*Exercise aim*. No record may be left out; print them all verbatim.

*** Opening Data to use ***

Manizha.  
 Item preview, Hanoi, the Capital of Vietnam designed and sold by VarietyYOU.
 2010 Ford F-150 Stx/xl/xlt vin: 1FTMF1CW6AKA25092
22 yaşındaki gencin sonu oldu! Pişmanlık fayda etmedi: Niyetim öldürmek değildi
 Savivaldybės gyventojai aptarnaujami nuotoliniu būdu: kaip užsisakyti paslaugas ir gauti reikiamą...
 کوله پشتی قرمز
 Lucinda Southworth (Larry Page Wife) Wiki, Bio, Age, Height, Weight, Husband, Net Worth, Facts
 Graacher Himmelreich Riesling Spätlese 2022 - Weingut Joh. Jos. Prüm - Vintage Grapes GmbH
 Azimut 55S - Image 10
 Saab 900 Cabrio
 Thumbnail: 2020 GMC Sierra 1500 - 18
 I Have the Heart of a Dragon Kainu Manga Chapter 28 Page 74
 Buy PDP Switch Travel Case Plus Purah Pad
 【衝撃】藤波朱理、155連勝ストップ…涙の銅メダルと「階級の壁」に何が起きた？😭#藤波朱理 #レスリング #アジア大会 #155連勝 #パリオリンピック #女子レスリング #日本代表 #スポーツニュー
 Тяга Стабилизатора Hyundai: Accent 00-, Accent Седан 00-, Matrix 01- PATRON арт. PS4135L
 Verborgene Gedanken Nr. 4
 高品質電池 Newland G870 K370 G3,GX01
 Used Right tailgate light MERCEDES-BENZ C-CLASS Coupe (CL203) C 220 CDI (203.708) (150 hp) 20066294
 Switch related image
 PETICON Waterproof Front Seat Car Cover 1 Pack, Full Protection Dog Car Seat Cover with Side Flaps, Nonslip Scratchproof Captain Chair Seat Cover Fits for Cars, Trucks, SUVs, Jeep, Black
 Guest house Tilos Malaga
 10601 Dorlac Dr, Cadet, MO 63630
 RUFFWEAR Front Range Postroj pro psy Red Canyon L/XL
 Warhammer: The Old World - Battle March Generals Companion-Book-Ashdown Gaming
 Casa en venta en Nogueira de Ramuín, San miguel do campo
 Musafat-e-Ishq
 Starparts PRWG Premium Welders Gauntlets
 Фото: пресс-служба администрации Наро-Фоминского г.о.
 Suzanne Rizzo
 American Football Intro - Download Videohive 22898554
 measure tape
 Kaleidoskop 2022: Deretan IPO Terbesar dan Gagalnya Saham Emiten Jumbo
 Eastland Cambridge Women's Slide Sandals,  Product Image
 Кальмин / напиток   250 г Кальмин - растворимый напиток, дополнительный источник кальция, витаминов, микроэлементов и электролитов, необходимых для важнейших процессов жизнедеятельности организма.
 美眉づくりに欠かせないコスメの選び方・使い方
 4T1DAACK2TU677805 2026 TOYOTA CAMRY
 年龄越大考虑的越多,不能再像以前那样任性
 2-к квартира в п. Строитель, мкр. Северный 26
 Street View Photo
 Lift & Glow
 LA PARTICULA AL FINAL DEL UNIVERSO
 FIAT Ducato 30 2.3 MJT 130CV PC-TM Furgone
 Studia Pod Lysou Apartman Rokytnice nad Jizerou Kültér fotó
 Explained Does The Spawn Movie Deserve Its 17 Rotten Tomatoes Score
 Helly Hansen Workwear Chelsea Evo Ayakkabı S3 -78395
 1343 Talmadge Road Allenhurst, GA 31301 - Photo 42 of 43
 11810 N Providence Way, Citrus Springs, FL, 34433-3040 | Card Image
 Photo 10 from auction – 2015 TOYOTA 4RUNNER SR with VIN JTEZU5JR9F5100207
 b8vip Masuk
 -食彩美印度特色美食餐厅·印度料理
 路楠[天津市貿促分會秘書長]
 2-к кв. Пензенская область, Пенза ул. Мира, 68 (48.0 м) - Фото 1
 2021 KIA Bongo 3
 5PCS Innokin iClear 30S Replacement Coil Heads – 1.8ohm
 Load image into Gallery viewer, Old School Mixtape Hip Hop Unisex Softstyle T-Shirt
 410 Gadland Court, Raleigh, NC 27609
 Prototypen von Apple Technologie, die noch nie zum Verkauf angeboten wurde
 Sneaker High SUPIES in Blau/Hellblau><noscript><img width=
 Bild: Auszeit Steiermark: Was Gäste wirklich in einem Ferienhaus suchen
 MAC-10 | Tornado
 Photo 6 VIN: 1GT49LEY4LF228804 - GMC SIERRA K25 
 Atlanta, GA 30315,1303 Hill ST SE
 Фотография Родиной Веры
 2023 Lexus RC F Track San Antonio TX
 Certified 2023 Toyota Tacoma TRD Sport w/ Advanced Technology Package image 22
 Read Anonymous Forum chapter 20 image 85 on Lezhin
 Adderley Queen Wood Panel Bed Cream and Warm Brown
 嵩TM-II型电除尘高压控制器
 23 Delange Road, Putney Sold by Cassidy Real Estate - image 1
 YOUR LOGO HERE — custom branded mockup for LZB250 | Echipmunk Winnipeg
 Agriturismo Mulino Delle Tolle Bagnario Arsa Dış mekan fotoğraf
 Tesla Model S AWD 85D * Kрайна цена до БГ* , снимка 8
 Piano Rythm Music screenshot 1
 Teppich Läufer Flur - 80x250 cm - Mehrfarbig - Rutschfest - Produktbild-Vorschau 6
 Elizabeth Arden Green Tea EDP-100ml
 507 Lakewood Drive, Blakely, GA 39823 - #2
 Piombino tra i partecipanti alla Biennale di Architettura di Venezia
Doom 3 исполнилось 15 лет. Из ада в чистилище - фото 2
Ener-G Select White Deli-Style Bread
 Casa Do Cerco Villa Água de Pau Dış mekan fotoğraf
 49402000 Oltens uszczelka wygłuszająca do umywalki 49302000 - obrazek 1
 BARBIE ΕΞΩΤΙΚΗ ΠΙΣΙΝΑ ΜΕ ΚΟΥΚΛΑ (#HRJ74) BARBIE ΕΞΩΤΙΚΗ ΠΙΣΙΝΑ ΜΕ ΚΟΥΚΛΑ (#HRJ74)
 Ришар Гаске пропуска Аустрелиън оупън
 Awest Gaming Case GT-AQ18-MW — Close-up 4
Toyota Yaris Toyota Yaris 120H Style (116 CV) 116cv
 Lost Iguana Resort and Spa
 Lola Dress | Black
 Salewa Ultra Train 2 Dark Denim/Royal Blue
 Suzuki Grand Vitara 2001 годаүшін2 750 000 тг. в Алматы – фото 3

*** Closing Data to use ***

*Response to this exercise*.
Manizha.  
 Item preview, Hanoi, the Capital of Vietnam designed and sold by VarietyYOU.
 2010 Ford F-150 Stx/xl/xlt vin: 1FTMF1CW6AKA25092
22 yaşındaki gencin sonu oldu! Pişmanlık fayda etmedi: Niyetim öldürmek değildi
 Savivaldybės gyventojai aptarnaujami nuotoliniu būdu: kaip užsisakyti paslaugas ir gauti reikiamą...
 کوله پشتی قرمز
 Lucinda Southworth (Larry Page Wife) Wiki, Bio, Age, Height, Weight, Husband, Net Worth, Facts
 Graacher Himmelreich Riesling Spätlese 2022 - Weingut Joh. Jos. Prüm - Vintage Grapes GmbH
 Azimut 55S - Image 10
 Saab 900 Cabrio
 Thumbnail: 2020 GMC Sierra 1500 - 18
 I Have the Heart of a Dragon Kainu Manga Chapter 28 Page 74
 Buy PDP Switch Travel Case Plus Purah Pad
 【衝撃】藤波朱理、155連勝ストップ…涙の銅メダルと「階級の壁」に何が起きた？😭#藤波朱理 #レスリング #アジア大会 #155連勝 #パリオリンピック #女子レスリング #日本代表 #スポーツニュー
 Тяга Стабилизатора Hyundai: Accent 00-, Accent Седан 00-, Matrix 01- PATRON арт. PS4135L
 Verborgene Gedanken Nr. 4
 高品質電池 Newland G870 K370 G3,GX01
 Used Right tailgate light MERCEDES-BENZ C-CLASS Coupe (CL203) C 220 CDI (203.708) (150 hp) 20066294
 Switch related image
 PETICON Waterproof Front Seat Car Cover 1 Pack, Full Protection Dog Car Seat Cover with Side Flaps, Nonslip Scratchproof Captain Chair Seat Cover Fits for Cars, Trucks, SUVs, Jeep, Black
 Guest house Tilos Malaga
 10601 Dorlac Dr, Cadet, MO 63630
 RUFFWEAR Front Range Postroj pro psy Red Canyon L/XL
 Warhammer: The Old World - Battle March Generals Companion-Book-Ashdown Gaming
 Casa en venta en Nogueira de Ramuín, San miguel do campo
 Musafat-e-Ishq
 Starparts PRWG Premium Welders Gauntlets
 Фото: пресс-служба администрации Наро-Фоминского г.о.
 Suzanne Rizzo
 American Football Intro - Download Videohive 22898554
 measure tape
 Kaleidoskop 2022: Deretan IPO Terbesar dan Gagalnya Saham Emiten Jumbo
 Eastland Cambridge Women's Slide Sandals,  Product Image
 Кальмин / напиток   250 г Кальмин - растворимый напиток, дополнительный источник кальция, витаминов, микроэлементов и электролитов, необходимых для важнейших процессов жизнедеятельности организма.
 美眉づくりに欠かせないコスメの選び方・使い方
 4T1DAACK2TU677805 2026 TOYOTA CAMRY
 年龄越大考虑的越多,不能再像以前那样任性
 2-к квартира в п. Строитель, мкр. Северный 26
 Street View Photo
 Lift & Glow
 LA PARTICULA AL FINAL DEL UNIVERSO
 FIAT Ducato 30 2.3 MJT 130CV PC-TM Furgone
 Studia Pod Lysou Apartman Rokytnice nad Jizerou Kültér fotó
 Explained Does The Spawn Movie Deserve Its 17 Rotten Tomatoes Score
 Helly Hansen Workwear Chelsea Evo Ayakkabı S3 -78395
 1343 Talmadge Road Allenhurst, GA 31301 - Photo 42 of 43
 11810 N Providence Way, Citrus Springs, FL, 34433-3040 | Card Image
 Photo 10 from auction – 2015 TOYOTA 4RUNNER SR with VIN JTEZU5JR9F5100207
 b8vip Masuk
 -食彩美印度特色美食餐厅·印度料理
 路楠[天津市貿促分會秘書長]
 2-к кв. Пензенская область, Пенза ул. Мира, 68 (48.0 м) - Фото 1
 2021 KIA Bongo 3
 5PCS Innokin iClear 30S Replacement Coil Heads – 1.8ohm
 Load image into Gallery viewer, Old School Mixtape Hip Hop Unisex Softstyle T-Shirt
 410 Gadland Court, Raleigh, NC 27609
 Prototypen von Apple Technologie, die noch nie zum Verkauf angeboten wurde
 Sneaker High SUPIES in Blau/Hellblau><noscript><img width=
 Bild: Auszeit Steiermark: Was Gäste wirklich in einem Ferienhaus suchen
 MAC-10 | Tornado
 Photo 6 VIN: 1GT49LEY4LF228804 - GMC SIERRA K25 
 Atlanta, GA 30315,1303 Hill ST SE
 Фотография Родиной Веры
 2023 Lexus RC F Track San Antonio TX
 Certified 2023 Toyota Tacoma TRD Sport w/ Advanced Technology Package image 22
 Read Anonymous Forum chapter 20 image 85 on Lezhin
 Adderley Queen Wood Panel Bed Cream and Warm Brown
 嵩TM-II型电除尘高压控制器
 23 Delange Road, Putney Sold by Cassidy Real Estate - image 1
 YOUR LOGO HERE — custom branded mockup for LZB250 | Echipmunk Winnipeg
 Agriturismo Mulino Delle Tolle Bagnario Arsa Dış mekan fotoğraf
 Tesla Model S AWD 85D * Kрайна цена до БГ* , снимка 8
 Piano Rythm Music screenshot 1
 Teppich Läufer Flur - 80x250 cm - Mehrfarbig - Rutschfest - Produktbild-Vorschau 6
 Elizabeth Arden Green Tea EDP-100ml
 507 Lakewood Drive, Blakely, GA 39823 - #2
 Piombino tra i partecipanti alla Biennale di Architettura di Venezia
Doom 3 исполнилось 15 лет. Из ада в чистилище - фото 2
Ener-G Select White Deli-Style Bread
 Casa Do Cerco Villa Água de Pau Dış mekan fotoğraf
 49402000 Oltens uszczelka wygłuszająca do umywalki 49302000 - obrazek 1
 BARBIE ΕΞΩΤΙΚΗ ΠΙΣΙΝΑ ΜΕ ΚΟΥΚΛΑ (#HRJ74) BARBIE ΕΞΩΤΙΚΗ ΠΙΣΙΝΑ ΜΕ ΚΟΥΚΛΑ (#HRJ74)
 Ришар Гаске пропуска Аустрелиън оупън
 Awest Gaming Case GT-AQ18-MW — Close-up 4
Toyota Yaris Toyota Yaris 120H Style (116 CV) 116cv
 Lost Iguana Resort and Spa
 Lola Dress | Black
 Salewa Ultra Train 2 Dark Denim/Royal Blue
 Suzuki Grand Vitara 2001 годаүшін2 750 000 тг. в Алматы – фото 3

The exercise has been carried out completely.